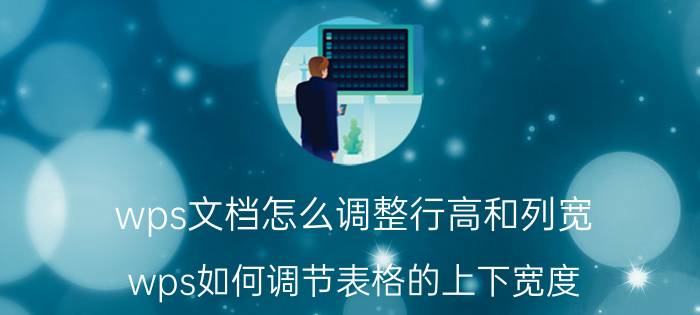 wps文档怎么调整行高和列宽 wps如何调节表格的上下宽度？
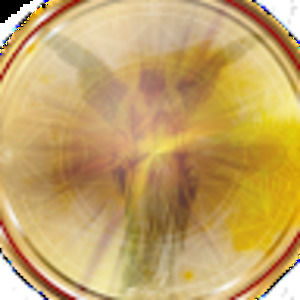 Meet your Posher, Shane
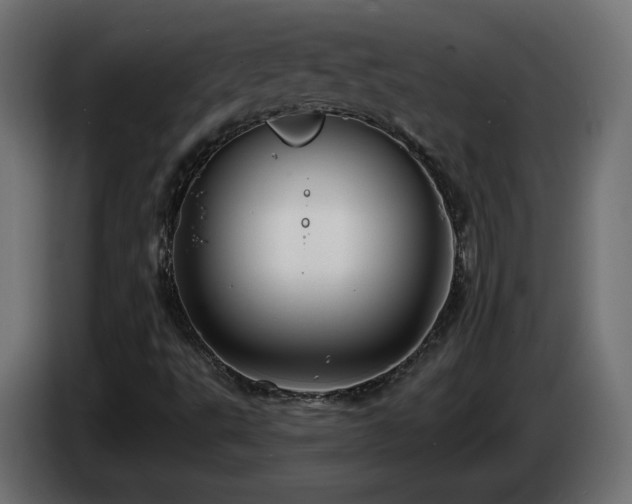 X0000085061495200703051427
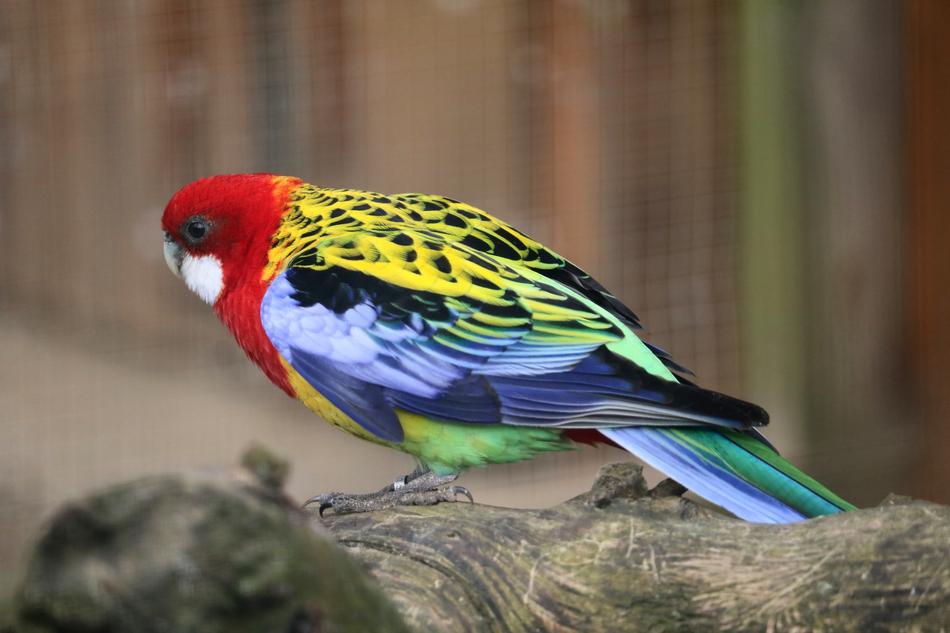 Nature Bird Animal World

******

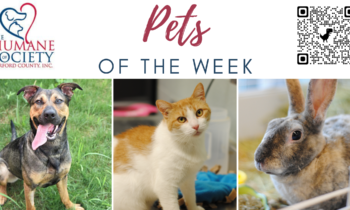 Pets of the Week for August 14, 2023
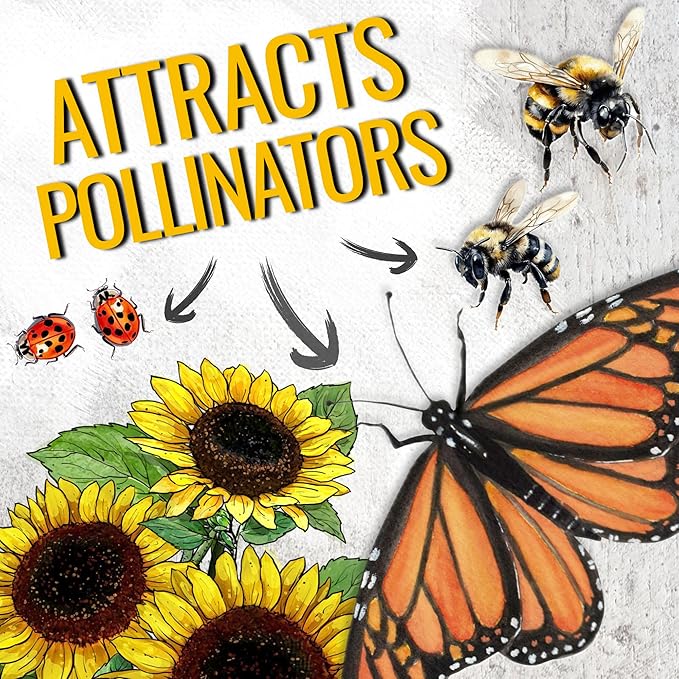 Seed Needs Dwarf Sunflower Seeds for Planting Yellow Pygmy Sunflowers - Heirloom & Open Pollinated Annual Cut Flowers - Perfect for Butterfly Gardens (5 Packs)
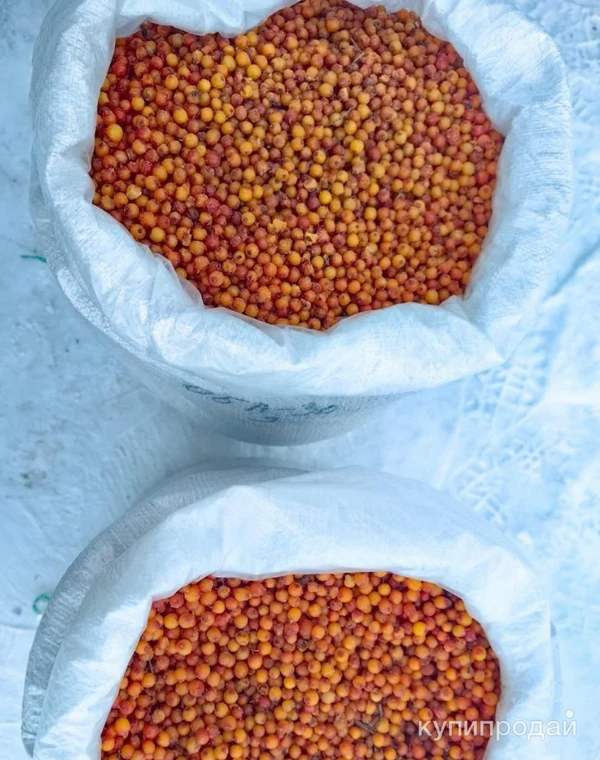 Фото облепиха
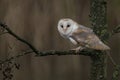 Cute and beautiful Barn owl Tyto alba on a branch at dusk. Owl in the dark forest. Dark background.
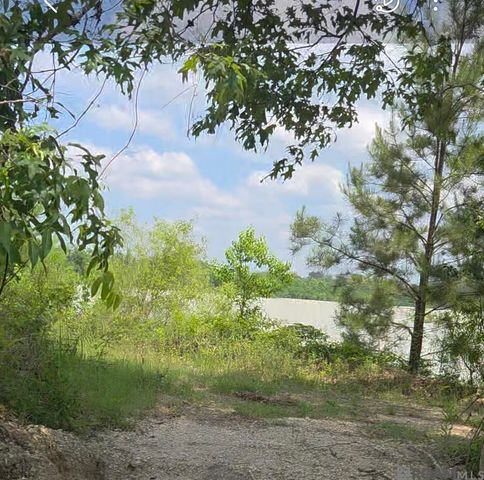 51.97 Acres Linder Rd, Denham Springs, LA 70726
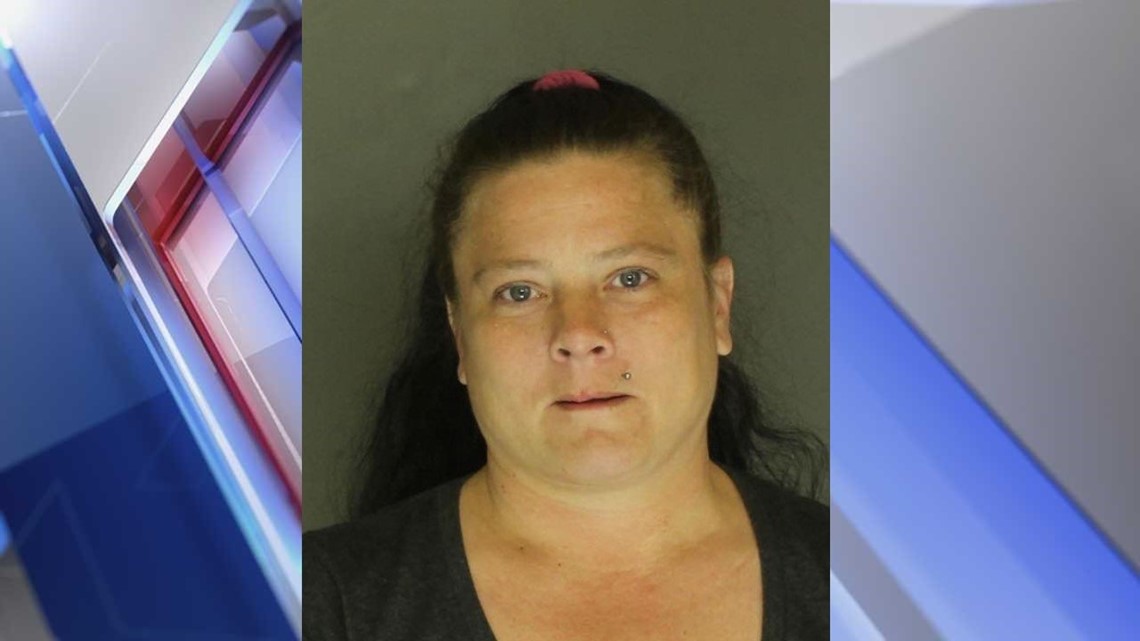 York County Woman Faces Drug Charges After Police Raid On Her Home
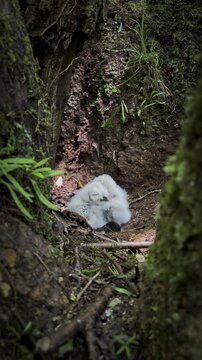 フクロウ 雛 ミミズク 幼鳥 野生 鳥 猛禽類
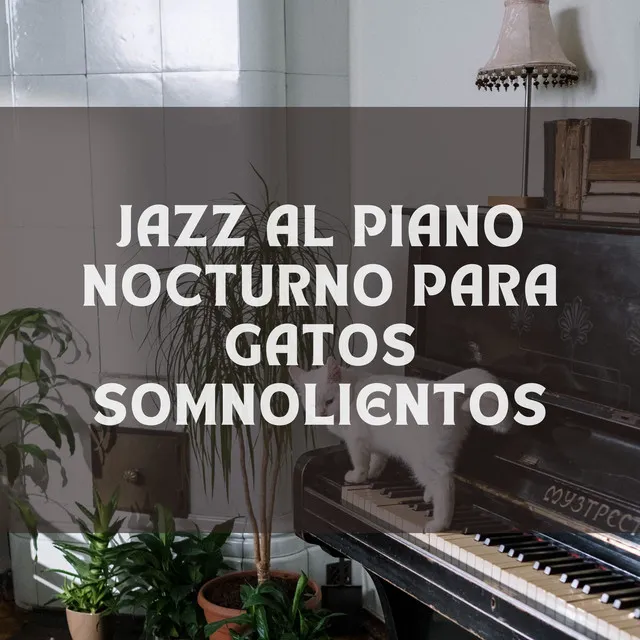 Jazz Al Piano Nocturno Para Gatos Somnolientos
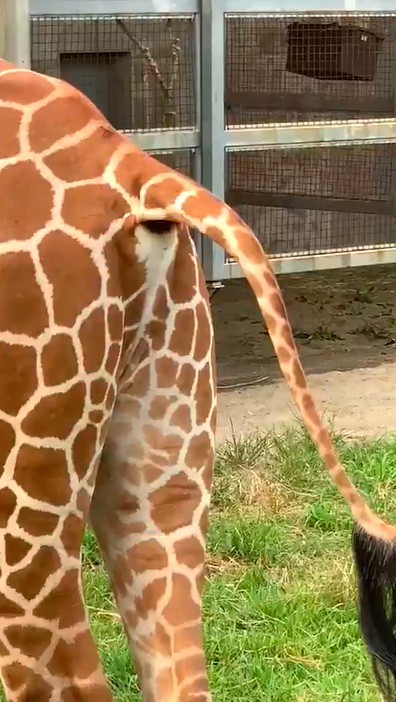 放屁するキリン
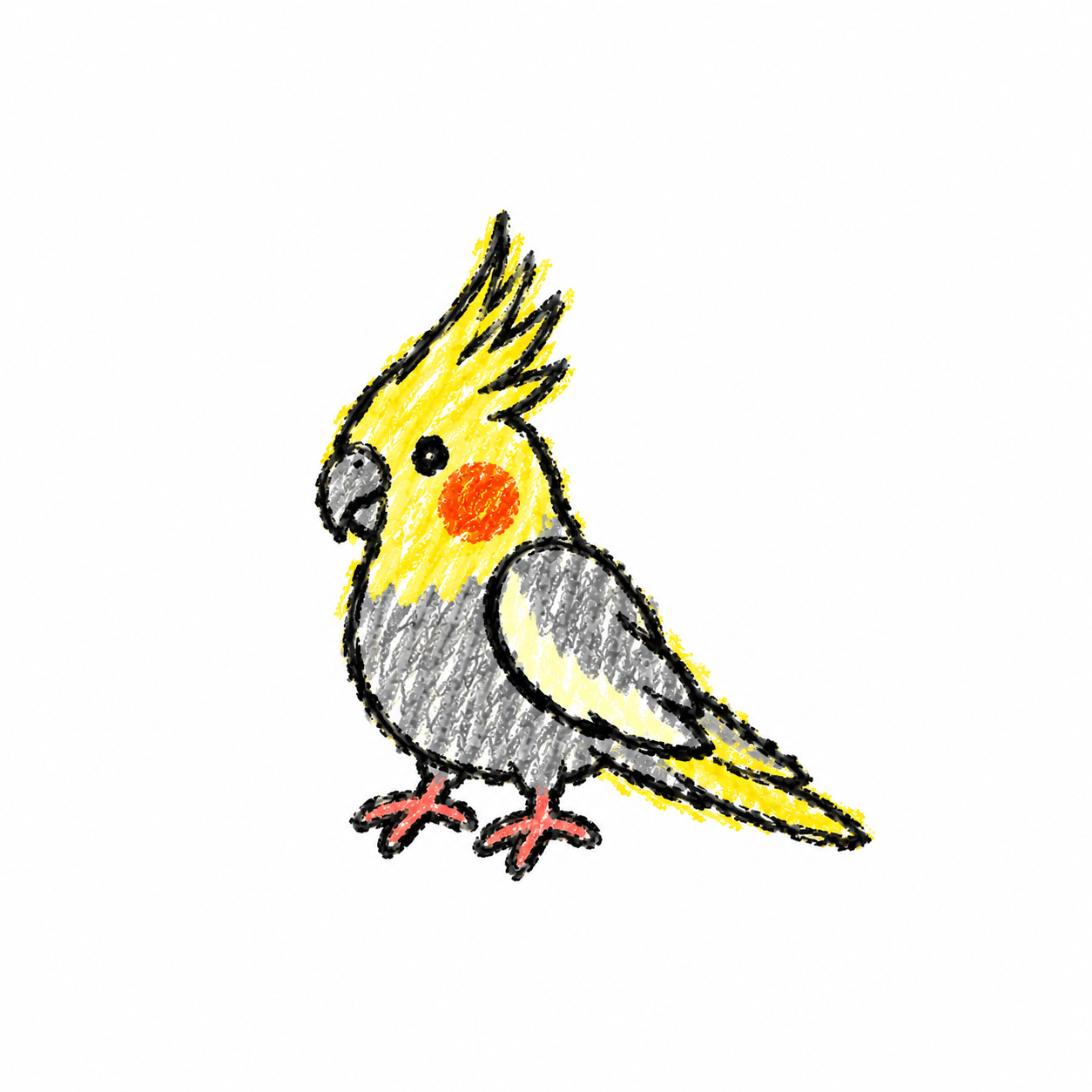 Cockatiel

******

Take the material above from the line bearing "wps文档怎么调整行高和列宽 wps如何调节表格的上下宽度？" through the line bearing "Nature Bird Animal World" and write it out exactly, both end lines included. Pictures stay out.

*Response to this exercise*
 wps文档怎么调整行高和列宽 wps如何调节表格的上下宽度？
 Meet your Posher, Shane
 X0000085061495200703051427
 Nature Bird Animal World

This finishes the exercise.